EGU25-4021, updated on 14 Mar 2025
https://doi.org/10.5194/egusphere-egu25-4021
EGU General Assembly 2025
© Author(s) 2025. This work is distributed under
the Creative Commons Attribution 4.0 License.
Oral | Friday, 02 May, 11:20–11:30 (CEST)
 
Room G2
Paleoseismic Records of the Dead Sea Reveals Climatic Modulation of Seismicity Along the Continental Transform Fault
Shmuel Marco1, Shimon Wdowinski2, Yin Lu3, Anne Le Blanc1, and Machel Higgins2
Shmuel Marco et al.
  • 1Geophysics Department, Tel Aviv University, Tel Aviv, Israel (shmulikm@tauex.tau.ac.il)
  • 2Department of Earth and Environment, Florida International University, Miami, USA
  • 3State Key Laboratory of Marine Geology, Tongji University, Shanghai, China

The Dead Sea Basin, a pull-apart basin situated along the Sinai-Arabia transform plate boundary, presents a unique natural laboratory to examine the long-term variability of earthquake activity through its extensive paleoseismic record, spanning the past 220,000 years. This record is constructed from borehole and outcrop data documenting seismites—earthquake-induced sedimentary deformations formed within the ancient lakes of the basin. Preliminary studies have identified a strong correlation between earthquake occurrence and fluctuations in lake levels, pointing to a potential climatic influence on seismic activity.

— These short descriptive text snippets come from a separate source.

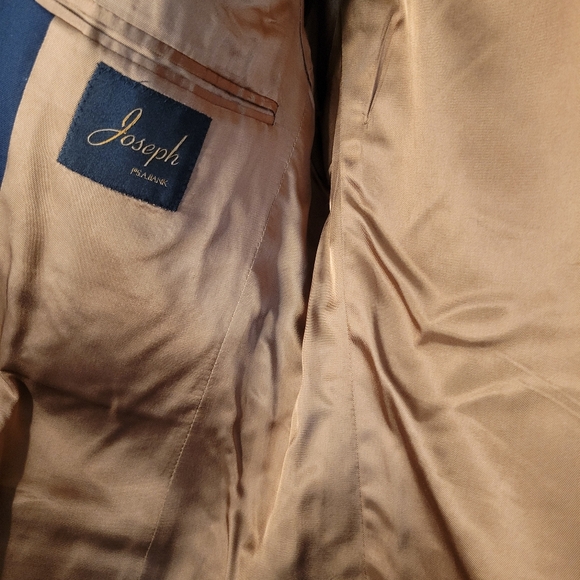 Jos a bank mens blazer - Picture 2 of 3
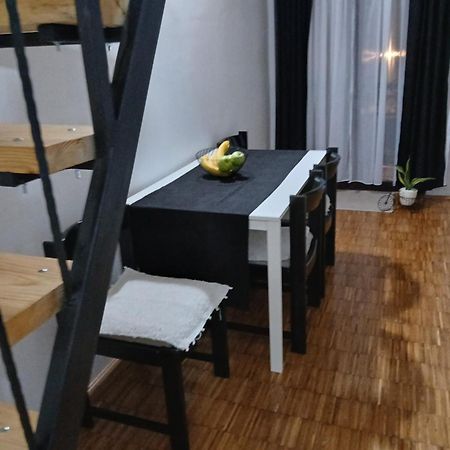 Appartamento Dado Virpazar Esterno foto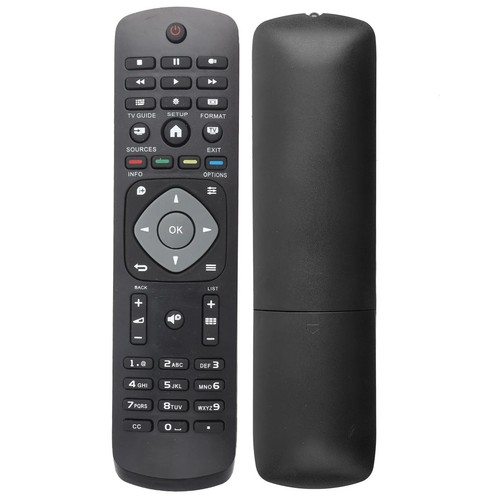 Telecomando per philips lcd - telecomando,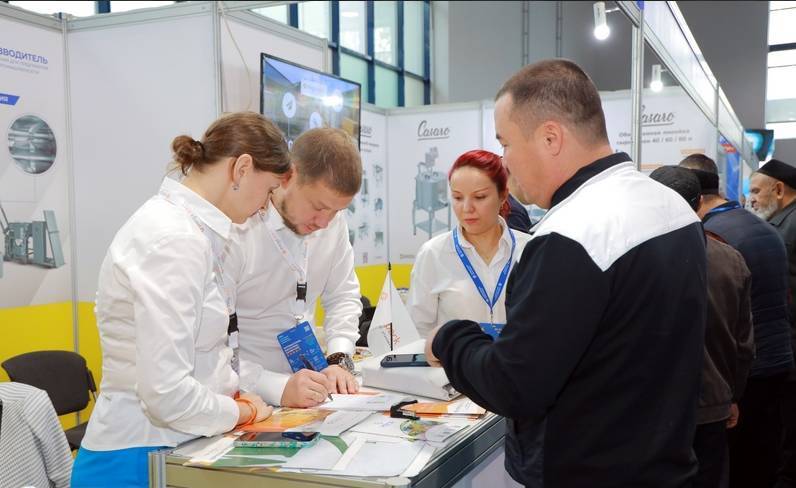 烏茲別克斯坦塔什干國際包裝展覽會(huì) INTERPACKEXPO 2025敬請(qǐng)關(guān)注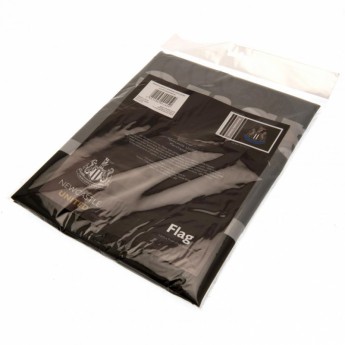Newcastle United flaga WM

Through an NSF-funded project, we aim to quantify the relationship between lake-level variations and the paleo-earthquake record by investigating the mechanisms underlying seismite formation. These processes include sediment accumulation, seismic shaking, unit disruption, gravitational sliding, and subsequent deposition. Seismic shaking results from the interplay of tectonic processes such as strain accumulation, surface load changes, pore pressure variations, and stress release. This shaking interacts with sedimentary processes to form seismites. The study incorporates five research components: (1) advanced time series analyses of the 220 ka seismite record; (2) spatial detection analysis to assess the uncertainty of single-core paleo-earthquake event detection; (3) geospatial paleo-bathymetry analysis of sediment availability for turbidite generation at different lake levels; (4) fluid mechanical modeling of sediment rheology and deformation style at varying lake levels; and (5) pore fluid pressure, fault strength and mechanical modeling related to earthquake occurrence on both primary strike-slip and secondary normal faults at This research aims to elucidate the role of climatic factors in modulating seismic activity within the Dead Sea Basin. By integrating methodologies from geology, geodesy, geophysics, paleoseismology, paleoclimatology, and sedimentology, the study provides critical insights into the physical processes governing long-term earthquake variability along continental transform faults.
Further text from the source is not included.